Interaction with Station Capacity

Separator lineage in a station is often misunderstood. The correct model:
  • The input entity consumes one capacity slot when it enters the station.
  • The Separator splits that input into several output entities. The outputs are descendants of the input — they share the input’s lineage.
  • The single slot is freed only when all descendants have exited the station. If three outputs were produced, the slot stays occupied until all three of them leave.
The outputs don’t each consume their own slot. They share the ancestor’s slot via the lineage-tracking rule. So a station with capacity 5 can hold 5 Separator inputs at a time regardless of how many outputs each produces — but each input’s slot stays occupied longer if it produces more outputs (because the “all descendants have exited” condition takes longer to satisfy). If outputs pile up in the station and block further Separator runs, the downstream path out of the station is the usual culprit. Make sure the outputs have a clear exit path.

Transformer

A Transformer produces a new output entity of a different type, replacing the input in the flow. The entity count is unchanged (one in, one out), but downstream components see a different typed entity after the Transformer. Use a Transformer to model operations where the thing being worked on becomes a different thing after processing: raw material → WIP, WIP → finished good, blank → painted, component → inspected-component.
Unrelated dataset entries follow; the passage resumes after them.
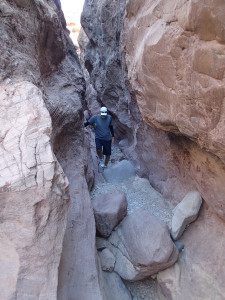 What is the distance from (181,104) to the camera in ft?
7.75

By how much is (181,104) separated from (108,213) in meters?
1.72

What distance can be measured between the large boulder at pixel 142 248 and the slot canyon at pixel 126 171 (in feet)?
0.04

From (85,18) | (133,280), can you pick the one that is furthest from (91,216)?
(85,18)

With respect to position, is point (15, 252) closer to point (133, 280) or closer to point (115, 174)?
point (133, 280)

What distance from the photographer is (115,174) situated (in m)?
4.65

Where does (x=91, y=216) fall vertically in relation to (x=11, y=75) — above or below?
below

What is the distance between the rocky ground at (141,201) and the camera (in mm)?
3090

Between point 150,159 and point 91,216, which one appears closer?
A: point 91,216

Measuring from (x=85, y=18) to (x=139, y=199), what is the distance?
18.7 ft

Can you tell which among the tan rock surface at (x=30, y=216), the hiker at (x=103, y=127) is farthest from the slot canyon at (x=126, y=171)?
the hiker at (x=103, y=127)

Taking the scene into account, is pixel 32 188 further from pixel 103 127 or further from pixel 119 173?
pixel 103 127

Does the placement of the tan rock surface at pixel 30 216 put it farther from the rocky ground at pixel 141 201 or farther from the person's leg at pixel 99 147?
the person's leg at pixel 99 147

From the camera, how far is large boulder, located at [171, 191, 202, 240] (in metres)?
3.11

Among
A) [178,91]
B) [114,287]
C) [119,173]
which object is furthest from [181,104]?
[119,173] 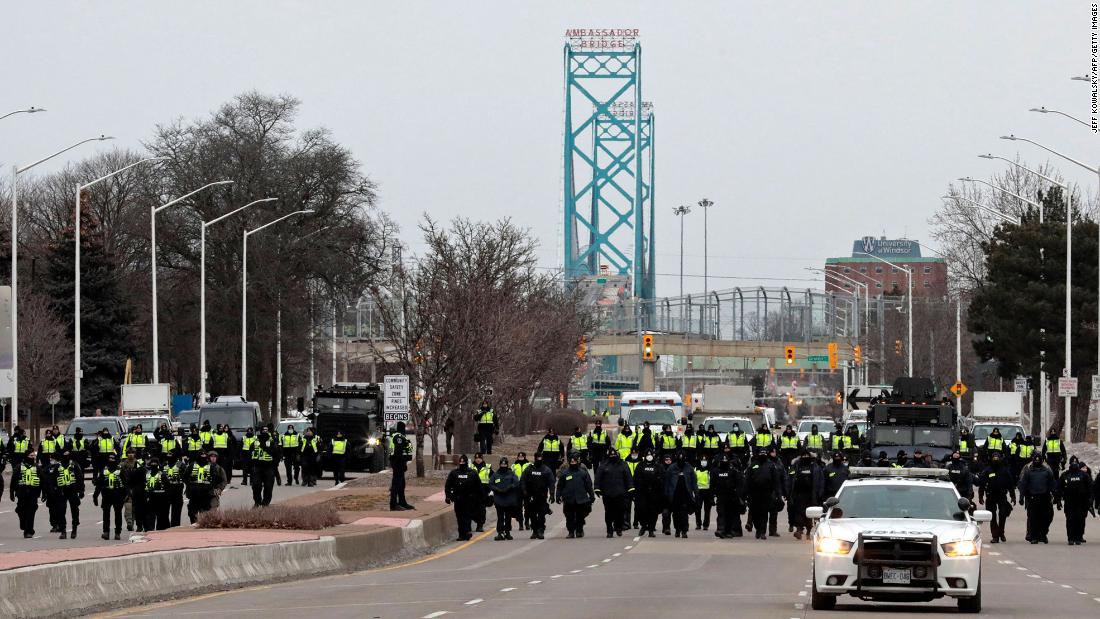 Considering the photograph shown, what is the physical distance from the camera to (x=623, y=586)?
905 inches

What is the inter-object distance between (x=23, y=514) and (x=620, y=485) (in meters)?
9.92

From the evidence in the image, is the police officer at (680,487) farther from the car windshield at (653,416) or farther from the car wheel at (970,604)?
the car windshield at (653,416)

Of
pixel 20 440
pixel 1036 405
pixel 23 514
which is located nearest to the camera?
pixel 23 514

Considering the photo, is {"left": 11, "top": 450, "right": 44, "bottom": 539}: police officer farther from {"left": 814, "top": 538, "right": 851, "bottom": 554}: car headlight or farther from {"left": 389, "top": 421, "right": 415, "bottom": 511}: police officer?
{"left": 814, "top": 538, "right": 851, "bottom": 554}: car headlight

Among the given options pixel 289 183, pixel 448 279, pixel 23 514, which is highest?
pixel 289 183

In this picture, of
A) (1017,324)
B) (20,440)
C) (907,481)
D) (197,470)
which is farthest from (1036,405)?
→ (907,481)

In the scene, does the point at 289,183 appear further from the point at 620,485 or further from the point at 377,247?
the point at 620,485

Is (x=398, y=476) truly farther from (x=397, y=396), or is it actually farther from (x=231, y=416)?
(x=231, y=416)

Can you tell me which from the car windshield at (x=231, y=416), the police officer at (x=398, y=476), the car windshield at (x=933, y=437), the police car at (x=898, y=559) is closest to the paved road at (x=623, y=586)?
the police car at (x=898, y=559)

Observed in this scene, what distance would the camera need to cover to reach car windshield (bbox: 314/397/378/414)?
5344 cm

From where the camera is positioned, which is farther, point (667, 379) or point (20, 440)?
point (667, 379)

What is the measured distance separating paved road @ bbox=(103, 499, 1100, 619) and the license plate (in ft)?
1.13

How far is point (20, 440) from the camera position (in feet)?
138

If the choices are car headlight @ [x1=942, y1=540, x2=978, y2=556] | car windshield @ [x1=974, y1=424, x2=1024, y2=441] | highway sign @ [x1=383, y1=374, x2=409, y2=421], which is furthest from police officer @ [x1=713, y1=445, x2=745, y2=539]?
car windshield @ [x1=974, y1=424, x2=1024, y2=441] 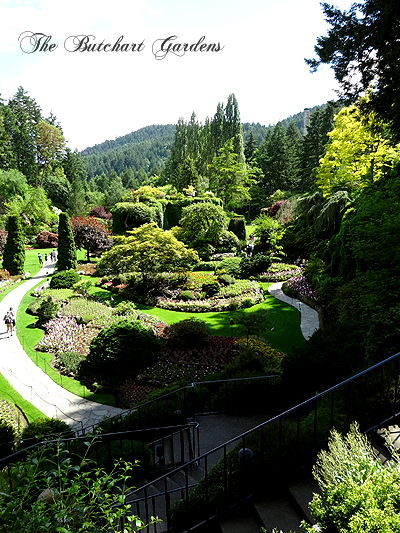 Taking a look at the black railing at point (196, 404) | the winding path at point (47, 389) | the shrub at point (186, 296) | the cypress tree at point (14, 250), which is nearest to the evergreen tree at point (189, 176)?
the cypress tree at point (14, 250)

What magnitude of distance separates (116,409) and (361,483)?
804 cm

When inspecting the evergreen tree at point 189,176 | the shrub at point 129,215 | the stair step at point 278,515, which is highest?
the evergreen tree at point 189,176

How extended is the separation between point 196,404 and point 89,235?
22.4m

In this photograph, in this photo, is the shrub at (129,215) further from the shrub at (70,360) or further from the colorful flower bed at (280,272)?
the shrub at (70,360)

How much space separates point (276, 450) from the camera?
411cm

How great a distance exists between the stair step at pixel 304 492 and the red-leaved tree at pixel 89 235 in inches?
1005

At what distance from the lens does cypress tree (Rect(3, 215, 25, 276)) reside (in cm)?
2511

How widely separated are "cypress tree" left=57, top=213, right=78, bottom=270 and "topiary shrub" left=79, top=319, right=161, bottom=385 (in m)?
16.6

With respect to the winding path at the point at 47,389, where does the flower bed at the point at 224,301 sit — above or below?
above

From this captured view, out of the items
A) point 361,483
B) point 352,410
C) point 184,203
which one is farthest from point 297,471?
point 184,203

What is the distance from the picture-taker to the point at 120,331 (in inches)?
414

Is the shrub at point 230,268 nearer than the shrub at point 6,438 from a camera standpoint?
No

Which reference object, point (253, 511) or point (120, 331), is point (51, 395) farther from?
point (253, 511)

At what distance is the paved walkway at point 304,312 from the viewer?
560 inches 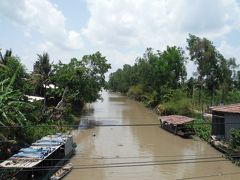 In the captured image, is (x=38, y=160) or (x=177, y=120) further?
(x=177, y=120)

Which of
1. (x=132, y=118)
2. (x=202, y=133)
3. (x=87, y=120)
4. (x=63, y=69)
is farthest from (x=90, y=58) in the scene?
(x=202, y=133)

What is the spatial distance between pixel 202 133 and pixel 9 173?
20.1 metres

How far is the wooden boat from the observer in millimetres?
20216

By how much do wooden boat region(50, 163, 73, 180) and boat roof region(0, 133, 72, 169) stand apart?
112cm

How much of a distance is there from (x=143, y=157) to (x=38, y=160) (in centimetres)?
1034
Attribute Assignment on the Output

A Transformer emits a new entity of a different type, with its own attribute assignments. Assignments run in a single-entity context with the input entity’s attributes accessible and can reference:
  • The input entity’s attributes — useful for carrying context forward
  • Simulation stateSIM_TIME to stamp when the transformation happened
  • State variables and constants — to apply shift- or operation-specific values
The Transformer doesn’t mutate the input entity; it produces a different output entity of the new type, which is what downstream components see.
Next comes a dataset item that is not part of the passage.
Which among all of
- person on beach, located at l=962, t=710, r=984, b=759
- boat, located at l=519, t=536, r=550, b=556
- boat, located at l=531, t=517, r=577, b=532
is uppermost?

When to Use a Transformer vs. a Process

If all you need is “the entity is delayed by X minutes, optionally holding a resource,” use a Process. Use a Transformer when:
  • The entity’s downstream routing depends on its type (sent to different processes for different types)
  • Results analysis groups by entity type (throughput by product, not aggregated)
  • The entity conceptually becomes something different as part of the operation
A Transformer does not consume processing time by itself — if the transformation takes real time, pair it with a preceding Process.

Patterns

Assembly cell: Sources → Buffers → Combiner inside a Station → Sink. Each Source feeds a different component type; the Combiner assembles them into a product; the Station models the physical workspace constraint. Station capacity limits how many input components can be in the cell at once. Kit packaging: Process (pick components) → Combiner (batch into kit) → Process (seal/label) → Sink. The Combiner produces the kit entity; downstream processes operate on kits. Disassembly for rework: Router (send rework candidates here) → Separator (split the kit back into components) → individual component buffers. Each output inherits relevant attributes from the input (rework_reason, original_kit_id). Paint line: Source (raw parts) → Process (paint) → Transformer (raw_part → painted_part) → Process (inspect) → Router (route by qc_passed). The type change after paint lets downstream processes specialize on painted_part.

Tips

  • Combiners are where aggregation lives. If you’re trying to compute a sum or max across a group of entities anywhere else, you’re probably fighting the model — restructure so the aggregation happens at a Combiner output.
  • Lineage-based capacity is the reason stations with Combiners or Separators can behave counter-intuitively. Slots are consumed on entry and freed when all lineage descendants exit — not based on batch size or output count arithmetic.
  • Transformer over Process when type matters downstream. Processes change state; Transformers change identity. Use each for its purpose.
  • Attribute carryover isn’t automatic on Separators. Each output’s attributes must be assigned explicitly. If you want an attribute on every output copy of what’s on the input, assign it explicitly.